Woolf is such a good writer! She has many, many virtues, I’m sure, but for me, my appreciation rests on two planks: i) her descriptions; and ii) her adroitness with point of view and narrative closeness.
Her descriptions speak for themselves. Virginia Woolf is one of the only writers who’s actually able to describe the same old shit in a new way. In the course of which, she reveals that it was not the same old shit at all, and that in her book you’re recognizing some object for the first time that you’ve never seen in any other book. She systematically rescues her images from cliche by being more careful and seeing with a closer eye than any author had before.
For instance, lookit here. She’s describing one of the most cliche images you can imagine: the quality of the light at sunset.
“Above the roofs was one of those red and fitful London sunsets that make window after window burn gold. There was a wildness in the spring evening; even here, in Abercorn Terrace the light was changing from gold to black, from black to gold.”
And yet, and yet, and yet, you can see something you’ve never seen before! The way the light glints in the windows and fills them with gold, then, as you move your head, the way that same light goes dark. It’s so fresh. Even eight years later, there’s a compression and specificity there that can’t fail to astonish.
I don’t know how Woolf comes up with this stuff. I feel like there’s no method to it. You just need to reject cliche, and, more importantly, to have a very clear eye. Unless you can scrape away other peoples’ words and describe what things actually look like (or feel like or sound like), you can’t be a good writer.

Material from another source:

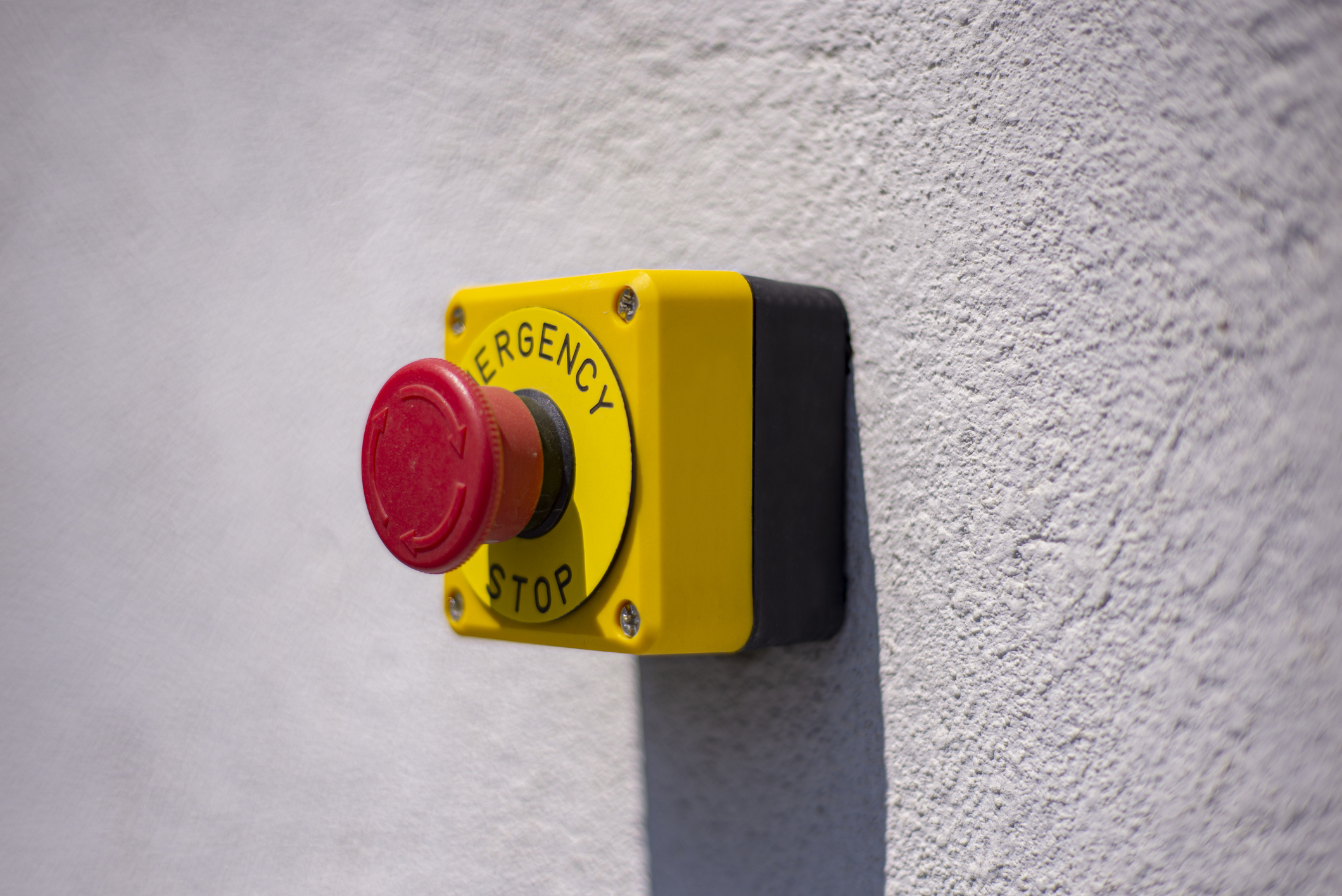 Emergency stop button following ISO 13850:2015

The other thing she does really well is handle point of view. Her writing contains so many voices: dozens, often. But she slips in and out of them with so much adroitness that the transitions are often invisible. For instance, take a look at this paragraph:
“The leading article bored Kitty with its pompous fluency. She searched the paper for some little piece of news that might interest her mother. Mrs Malone liked someone to talk to her or read aloud to her as she worked. Night after night her embroidery served to weave the after-dinner talk into a pleasant harmony. One said something and stitched; looked at the design, chose another coloured silk, and stitched again. Sometimes Dr Malone read poetry aloud — Pope: Tennyson. Tonight she would have liked Kitty to talk to her. But she was becoming increasingly conscious of difficulty with Kitty. Why? She glanced at her. What was wrong? she wondered. She gave her quick little sigh.”

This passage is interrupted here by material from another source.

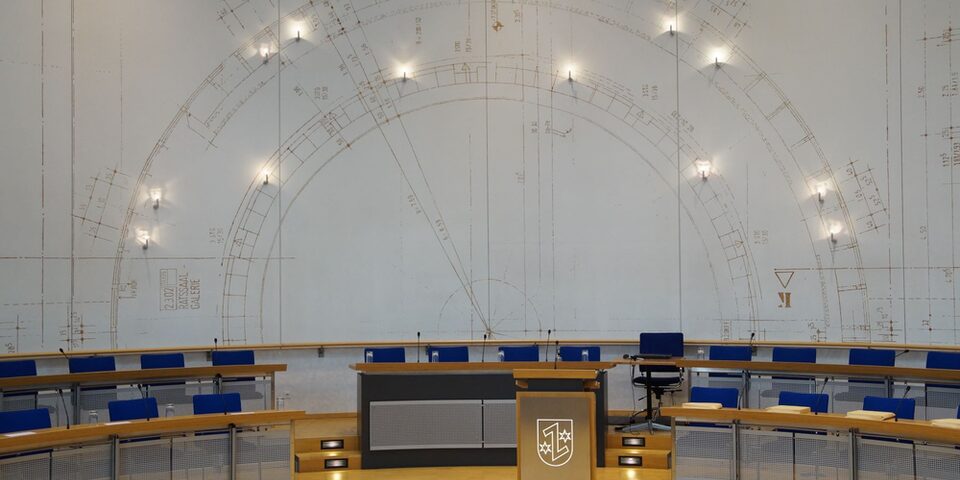 Blick auf das Sprecher-Podium im Ratsaal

At the beginning of the paragraph we’re in the daughter’s point of view. At its end we’re in the mother’s. And this isn’t omniscience: the narrator isn’t reporting their different states of mind. Instead we’re seeing their actual thoughts interpenetrate with the narrative. Most writers don’t do this shit even within the same scene, because it’s confusing. Woolf has no problem doing it for a paragraph. And she has no problem going into somebody’s head and then never returning to it.
Again, I don’t think there’s a set technique here. She pulls it off through line-by-line, word-by-word care. For instance, there’s always a transition between the voices, where one gets fuzzy and blends into another. Here the bridging image is the embroidery. Her daughter is thinking about it, while her mother is doing it. The two are for a moment inhabiting the same mental space, but then their minds diverge and now we’re in the other one.
She’s careful with her voices, too. The mother’s voice isn’t so terribly different from Kitty’s, but it is distinct. ‘Pompous fluency’ belongs to Kitty, who is younger and more bookish, while the mothers thoughts are choppier: a series of short declarations. Then, with ‘quick little sigh,’ I feel as though we’re returning to Kitty’s head, because there’s a clear exterior judgement there.
But it would be so easy to get this wrong. There is nothing about this paragraph or about Woolf’s technique that, per se, saves it from being confusing. And in the hands of another author, it certainly would be confusing. I recently read Hanye Yanagihara’s A Little Life, which only switches PoVs between chapters, and I found that to be incredibly confusing for some reason: the voice of the different characters felt too similar; they had the same concerns, same vocabularies, and same drama. Whereas with Woolf you just go with it.